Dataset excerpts
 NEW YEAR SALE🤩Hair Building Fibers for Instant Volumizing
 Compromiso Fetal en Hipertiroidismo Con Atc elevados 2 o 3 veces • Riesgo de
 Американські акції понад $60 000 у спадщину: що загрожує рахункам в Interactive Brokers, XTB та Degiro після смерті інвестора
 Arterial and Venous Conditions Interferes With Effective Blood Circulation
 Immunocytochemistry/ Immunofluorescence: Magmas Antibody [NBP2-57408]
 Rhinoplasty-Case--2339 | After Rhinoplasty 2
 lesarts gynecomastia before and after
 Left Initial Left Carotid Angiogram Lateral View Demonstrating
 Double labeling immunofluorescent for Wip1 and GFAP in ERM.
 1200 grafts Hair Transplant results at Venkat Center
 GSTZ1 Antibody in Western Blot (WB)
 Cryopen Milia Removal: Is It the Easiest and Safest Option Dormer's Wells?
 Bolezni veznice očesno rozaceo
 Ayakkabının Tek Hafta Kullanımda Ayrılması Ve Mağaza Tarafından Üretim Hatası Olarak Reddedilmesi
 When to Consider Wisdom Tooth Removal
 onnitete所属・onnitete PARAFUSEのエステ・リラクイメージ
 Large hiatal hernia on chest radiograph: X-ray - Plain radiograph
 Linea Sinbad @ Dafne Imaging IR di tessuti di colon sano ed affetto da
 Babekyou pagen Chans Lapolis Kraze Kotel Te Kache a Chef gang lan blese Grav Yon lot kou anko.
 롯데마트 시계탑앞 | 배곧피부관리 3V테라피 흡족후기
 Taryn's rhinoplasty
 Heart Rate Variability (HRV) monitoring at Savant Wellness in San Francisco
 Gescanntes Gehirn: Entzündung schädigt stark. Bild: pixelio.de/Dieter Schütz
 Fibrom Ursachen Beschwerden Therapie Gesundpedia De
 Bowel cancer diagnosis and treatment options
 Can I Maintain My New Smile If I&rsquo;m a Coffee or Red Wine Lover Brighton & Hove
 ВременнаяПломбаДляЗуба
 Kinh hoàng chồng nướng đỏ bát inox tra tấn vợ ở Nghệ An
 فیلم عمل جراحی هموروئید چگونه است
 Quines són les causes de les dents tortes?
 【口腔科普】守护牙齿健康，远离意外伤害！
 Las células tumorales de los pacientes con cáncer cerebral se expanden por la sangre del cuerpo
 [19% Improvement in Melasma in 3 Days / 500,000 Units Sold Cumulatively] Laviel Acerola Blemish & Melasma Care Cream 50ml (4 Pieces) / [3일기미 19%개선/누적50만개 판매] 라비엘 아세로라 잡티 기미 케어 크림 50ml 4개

Task to carry out: Reproduce verbatim only the lines from the one holding "Heart Rate Variability" through the end of the records.

Solution for this exercise:
 Heart Rate Variability (HRV) monitoring at Savant Wellness in San Francisco
 Gescanntes Gehirn: Entzündung schädigt stark. Bild: pixelio.de/Dieter Schütz
 Fibrom Ursachen Beschwerden Therapie Gesundpedia De
 Bowel cancer diagnosis and treatment options
 Can I Maintain My New Smile If I&rsquo;m a Coffee or Red Wine Lover Brighton & Hove
 ВременнаяПломбаДляЗуба
 Kinh hoàng chồng nướng đỏ bát inox tra tấn vợ ở Nghệ An
 فیلم عمل جراحی هموروئید چگونه است
 Quines són les causes de les dents tortes?
 【口腔科普】守护牙齿健康，远离意外伤害！
 Las células tumorales de los pacientes con cáncer cerebral se expanden por la sangre del cuerpo
 [19% Improvement in Melasma in 3 Days / 500,000 Units Sold Cumulatively] Laviel Acerola Blemish & Melasma Care Cream 50ml (4 Pieces) / [3일기미 19%개선/누적50만개 판매] 라비엘 아세로라 잡티 기미 케어 크림 50ml 4개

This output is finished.